Estimation of Surface Roughness Value Using Back Propagation Neural Network on Green Machining


M. Yanis†*, Arie Y.B, Aneka F, Nova Y


  Department of Mechanical Engineering-Faculty of Engineering-Sriwijaya University, 60662, Indonesia

Department of Chemistry-Faculty of Mathematics and Natural Science-Sriwijaya University, 60662, Indonesia

Corresponding Author Email: [email protected]

This is an open access article distributed under the Creative Commons Attribution License, which permits unrestricted use, distribution, and reproduction in any medium, provided the original work is properly cited.

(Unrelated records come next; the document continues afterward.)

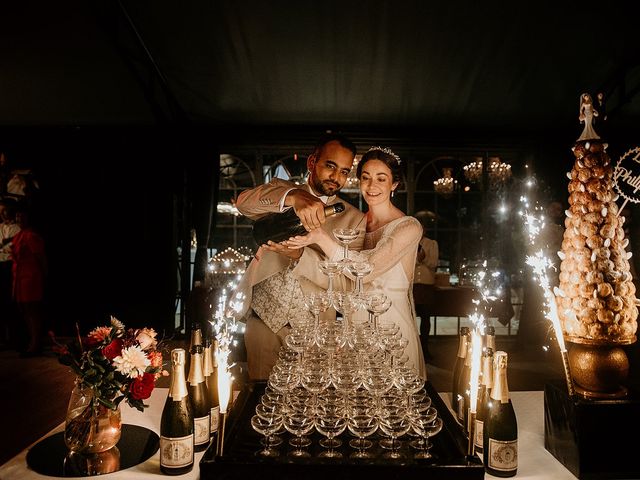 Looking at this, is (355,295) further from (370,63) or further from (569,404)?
(370,63)

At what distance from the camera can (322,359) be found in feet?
5.60

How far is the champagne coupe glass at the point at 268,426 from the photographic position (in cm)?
132

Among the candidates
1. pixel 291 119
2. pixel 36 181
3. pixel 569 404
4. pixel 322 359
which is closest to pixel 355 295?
pixel 322 359

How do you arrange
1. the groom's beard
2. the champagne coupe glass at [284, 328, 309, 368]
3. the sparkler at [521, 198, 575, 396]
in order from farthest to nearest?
the groom's beard → the champagne coupe glass at [284, 328, 309, 368] → the sparkler at [521, 198, 575, 396]

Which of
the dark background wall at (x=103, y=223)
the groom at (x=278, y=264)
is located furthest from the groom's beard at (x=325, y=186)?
the dark background wall at (x=103, y=223)

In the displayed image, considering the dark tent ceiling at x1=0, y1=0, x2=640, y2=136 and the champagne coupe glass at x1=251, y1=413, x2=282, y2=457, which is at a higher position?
the dark tent ceiling at x1=0, y1=0, x2=640, y2=136

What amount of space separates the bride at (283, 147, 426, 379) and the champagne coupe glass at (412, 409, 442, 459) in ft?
2.41

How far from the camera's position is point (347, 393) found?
150 centimetres

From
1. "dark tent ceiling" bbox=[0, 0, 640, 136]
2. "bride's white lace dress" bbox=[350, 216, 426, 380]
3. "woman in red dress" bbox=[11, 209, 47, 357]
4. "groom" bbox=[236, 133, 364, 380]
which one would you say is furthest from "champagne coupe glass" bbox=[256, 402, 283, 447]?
"woman in red dress" bbox=[11, 209, 47, 357]

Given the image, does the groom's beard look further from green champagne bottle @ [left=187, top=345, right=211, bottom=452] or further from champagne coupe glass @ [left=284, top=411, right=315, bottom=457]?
champagne coupe glass @ [left=284, top=411, right=315, bottom=457]

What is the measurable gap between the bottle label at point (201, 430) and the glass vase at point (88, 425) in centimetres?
24

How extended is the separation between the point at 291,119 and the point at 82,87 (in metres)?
2.43

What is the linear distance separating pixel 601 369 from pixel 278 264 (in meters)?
1.38

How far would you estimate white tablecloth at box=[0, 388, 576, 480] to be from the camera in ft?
4.29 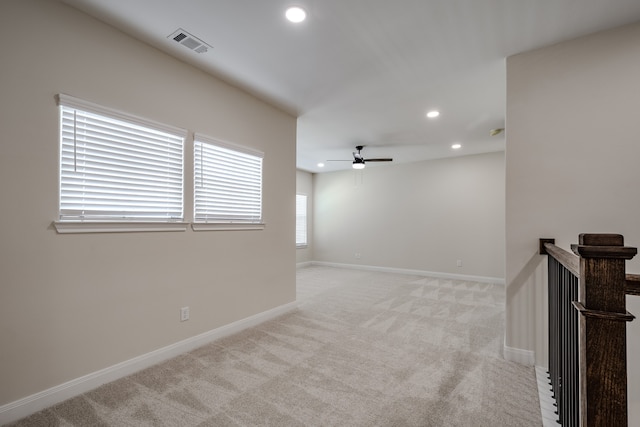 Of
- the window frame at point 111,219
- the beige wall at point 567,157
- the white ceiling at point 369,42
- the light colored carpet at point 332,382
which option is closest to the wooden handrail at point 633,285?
the light colored carpet at point 332,382

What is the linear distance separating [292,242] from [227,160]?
1476 millimetres

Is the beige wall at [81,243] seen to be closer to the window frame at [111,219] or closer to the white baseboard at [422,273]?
the window frame at [111,219]

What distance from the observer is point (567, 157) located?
2.35 m

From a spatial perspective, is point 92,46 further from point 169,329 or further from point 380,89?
point 380,89

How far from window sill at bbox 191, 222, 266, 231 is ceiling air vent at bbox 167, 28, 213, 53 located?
1.54m

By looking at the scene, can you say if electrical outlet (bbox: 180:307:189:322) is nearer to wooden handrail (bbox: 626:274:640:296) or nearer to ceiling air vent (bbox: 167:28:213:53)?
ceiling air vent (bbox: 167:28:213:53)

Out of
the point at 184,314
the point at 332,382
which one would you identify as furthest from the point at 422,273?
the point at 184,314

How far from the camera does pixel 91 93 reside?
2117 millimetres

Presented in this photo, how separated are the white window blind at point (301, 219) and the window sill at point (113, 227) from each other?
5380 mm

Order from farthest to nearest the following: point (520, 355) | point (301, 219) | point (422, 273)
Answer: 1. point (301, 219)
2. point (422, 273)
3. point (520, 355)

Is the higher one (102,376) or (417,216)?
(417,216)

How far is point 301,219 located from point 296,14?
20.6 feet

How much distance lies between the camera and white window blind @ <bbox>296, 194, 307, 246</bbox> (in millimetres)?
8070

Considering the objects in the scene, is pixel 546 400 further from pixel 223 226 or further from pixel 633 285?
pixel 223 226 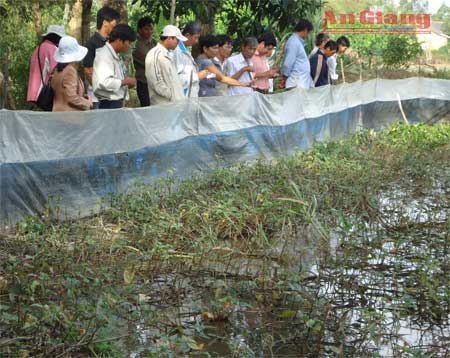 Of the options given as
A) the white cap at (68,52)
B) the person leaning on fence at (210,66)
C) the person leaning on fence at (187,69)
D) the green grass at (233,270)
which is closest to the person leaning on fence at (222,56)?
the person leaning on fence at (210,66)

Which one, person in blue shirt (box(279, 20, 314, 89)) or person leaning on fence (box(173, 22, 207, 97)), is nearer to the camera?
person leaning on fence (box(173, 22, 207, 97))

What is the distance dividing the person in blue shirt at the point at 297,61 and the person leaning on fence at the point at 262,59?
28.6 inches

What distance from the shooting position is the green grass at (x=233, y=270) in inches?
→ 177

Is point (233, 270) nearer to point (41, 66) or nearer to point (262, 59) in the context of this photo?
point (41, 66)

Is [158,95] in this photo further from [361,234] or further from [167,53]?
[361,234]

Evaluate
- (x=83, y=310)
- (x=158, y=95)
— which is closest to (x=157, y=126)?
(x=158, y=95)

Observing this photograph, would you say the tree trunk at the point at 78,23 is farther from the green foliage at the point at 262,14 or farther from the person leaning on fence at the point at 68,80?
the person leaning on fence at the point at 68,80

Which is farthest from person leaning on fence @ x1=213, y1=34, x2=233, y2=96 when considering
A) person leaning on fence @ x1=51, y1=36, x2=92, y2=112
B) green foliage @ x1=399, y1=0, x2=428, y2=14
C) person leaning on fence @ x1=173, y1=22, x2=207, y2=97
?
green foliage @ x1=399, y1=0, x2=428, y2=14

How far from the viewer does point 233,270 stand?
6137mm

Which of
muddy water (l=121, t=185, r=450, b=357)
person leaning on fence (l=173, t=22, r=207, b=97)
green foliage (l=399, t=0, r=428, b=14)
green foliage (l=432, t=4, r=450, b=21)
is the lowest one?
green foliage (l=432, t=4, r=450, b=21)

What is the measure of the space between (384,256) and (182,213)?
167 cm

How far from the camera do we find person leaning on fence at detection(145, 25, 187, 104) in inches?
353

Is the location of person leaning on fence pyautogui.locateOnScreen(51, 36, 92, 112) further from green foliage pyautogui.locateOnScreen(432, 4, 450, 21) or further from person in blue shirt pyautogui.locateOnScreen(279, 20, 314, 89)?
green foliage pyautogui.locateOnScreen(432, 4, 450, 21)

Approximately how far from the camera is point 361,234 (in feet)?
23.5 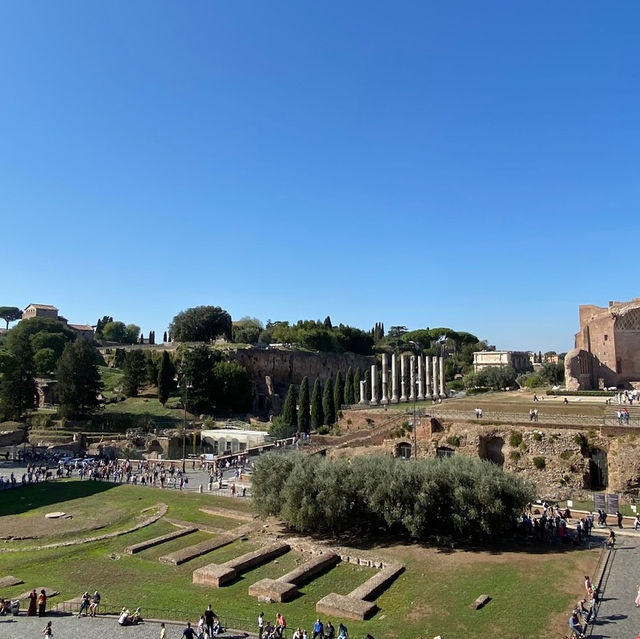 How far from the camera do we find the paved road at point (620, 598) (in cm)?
1225

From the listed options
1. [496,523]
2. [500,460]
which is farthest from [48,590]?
[500,460]

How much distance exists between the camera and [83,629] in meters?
13.1

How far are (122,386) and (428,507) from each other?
51819 millimetres

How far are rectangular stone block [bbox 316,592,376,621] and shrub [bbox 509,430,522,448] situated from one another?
54.0 ft

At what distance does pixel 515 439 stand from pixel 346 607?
56.2 ft

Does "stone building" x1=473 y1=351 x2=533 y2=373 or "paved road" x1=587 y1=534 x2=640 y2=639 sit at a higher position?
"stone building" x1=473 y1=351 x2=533 y2=373

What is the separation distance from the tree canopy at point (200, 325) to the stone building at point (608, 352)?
52709mm

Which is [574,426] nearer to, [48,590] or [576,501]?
[576,501]

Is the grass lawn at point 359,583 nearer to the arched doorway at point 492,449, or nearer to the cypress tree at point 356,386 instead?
the arched doorway at point 492,449

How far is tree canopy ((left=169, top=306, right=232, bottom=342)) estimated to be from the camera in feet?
261

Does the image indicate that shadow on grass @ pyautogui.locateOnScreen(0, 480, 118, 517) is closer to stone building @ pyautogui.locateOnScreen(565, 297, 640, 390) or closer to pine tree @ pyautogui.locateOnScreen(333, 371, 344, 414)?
pine tree @ pyautogui.locateOnScreen(333, 371, 344, 414)

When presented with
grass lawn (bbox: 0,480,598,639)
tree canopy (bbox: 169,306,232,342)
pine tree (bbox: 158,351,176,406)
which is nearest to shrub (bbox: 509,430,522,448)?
grass lawn (bbox: 0,480,598,639)

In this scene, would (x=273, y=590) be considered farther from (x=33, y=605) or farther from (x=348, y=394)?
(x=348, y=394)

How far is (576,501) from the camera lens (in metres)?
24.0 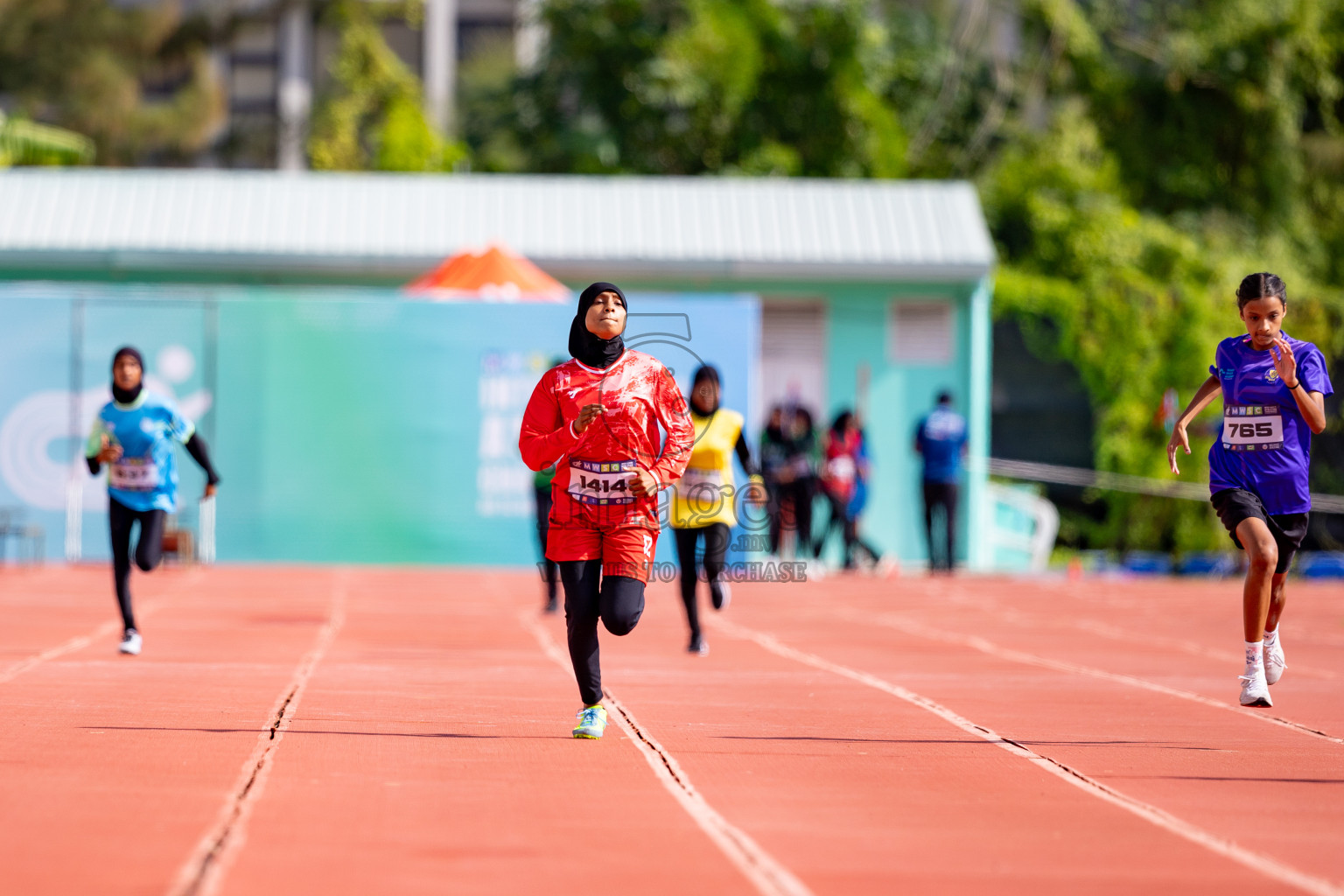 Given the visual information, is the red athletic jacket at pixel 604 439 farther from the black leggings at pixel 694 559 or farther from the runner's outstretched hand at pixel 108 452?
the runner's outstretched hand at pixel 108 452

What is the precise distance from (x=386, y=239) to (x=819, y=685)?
1511 centimetres

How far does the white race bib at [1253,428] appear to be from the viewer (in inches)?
360

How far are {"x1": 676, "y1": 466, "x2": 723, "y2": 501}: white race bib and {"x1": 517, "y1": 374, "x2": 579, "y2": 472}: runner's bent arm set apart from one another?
13.6 ft

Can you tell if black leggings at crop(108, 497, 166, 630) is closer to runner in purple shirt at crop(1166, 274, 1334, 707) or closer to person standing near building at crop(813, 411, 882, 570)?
runner in purple shirt at crop(1166, 274, 1334, 707)

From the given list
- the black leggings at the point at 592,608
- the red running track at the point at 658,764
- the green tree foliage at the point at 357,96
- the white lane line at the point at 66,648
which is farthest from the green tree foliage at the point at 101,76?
the black leggings at the point at 592,608

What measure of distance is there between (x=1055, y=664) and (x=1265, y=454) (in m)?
3.19

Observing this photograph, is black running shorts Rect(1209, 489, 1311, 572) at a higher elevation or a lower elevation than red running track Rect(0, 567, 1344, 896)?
higher

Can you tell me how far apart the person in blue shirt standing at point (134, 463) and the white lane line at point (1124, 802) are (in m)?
4.29

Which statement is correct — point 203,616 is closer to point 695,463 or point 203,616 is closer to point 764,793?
point 695,463

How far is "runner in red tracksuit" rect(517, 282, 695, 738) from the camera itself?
7.80 metres

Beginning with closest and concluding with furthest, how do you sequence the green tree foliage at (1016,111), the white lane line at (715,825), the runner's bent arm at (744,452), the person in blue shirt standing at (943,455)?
the white lane line at (715,825), the runner's bent arm at (744,452), the person in blue shirt standing at (943,455), the green tree foliage at (1016,111)

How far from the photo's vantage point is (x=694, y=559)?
1193cm

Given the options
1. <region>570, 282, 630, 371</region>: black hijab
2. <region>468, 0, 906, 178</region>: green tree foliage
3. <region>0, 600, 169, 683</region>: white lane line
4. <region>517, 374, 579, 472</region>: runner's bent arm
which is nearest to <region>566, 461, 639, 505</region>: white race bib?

This study discusses the prediction of surface roughness during the side milling of AISI 1045 material. Surface roughness is an indicator of surface quality which is one of the most frequently specified customer requirements in the machining process. Experimental and optimization studies were developed using the Artificial Neural Networks (ANN) method. The Levenberg-Marquardt algorithm on back propagation is used for training and testing to predict the effect of input variables on surface roughness. The machining variable input consists of cutting speed, feeding rate, radial and axial depth of cut. The machining condition uses coconut oil as the cutting fluid with a Minimum Quantity Lubrication system. The network developed is a structure with one and two hidden layers. The number of neurons 1 to 20 is assigned to this hidden layer. The network structure that offers the surface roughness value closest to the experimental value was 4-10-1 with MSE training 0.00467 (R2 = 98.23%) and testing 0.0052 (R2 = 99.47%). This shows that a network structure with more hidden layers does not increase network functionality. The average error percentage between experimental results and ANN predictions is 1.43% (training) and 6.87% (testing). The effect of machining variables on surface roughness shows that the surface roughness value decreases (smooth) with increasing cutting speed. And increasing the feed rate and depth of cut will increase the surface roughness value.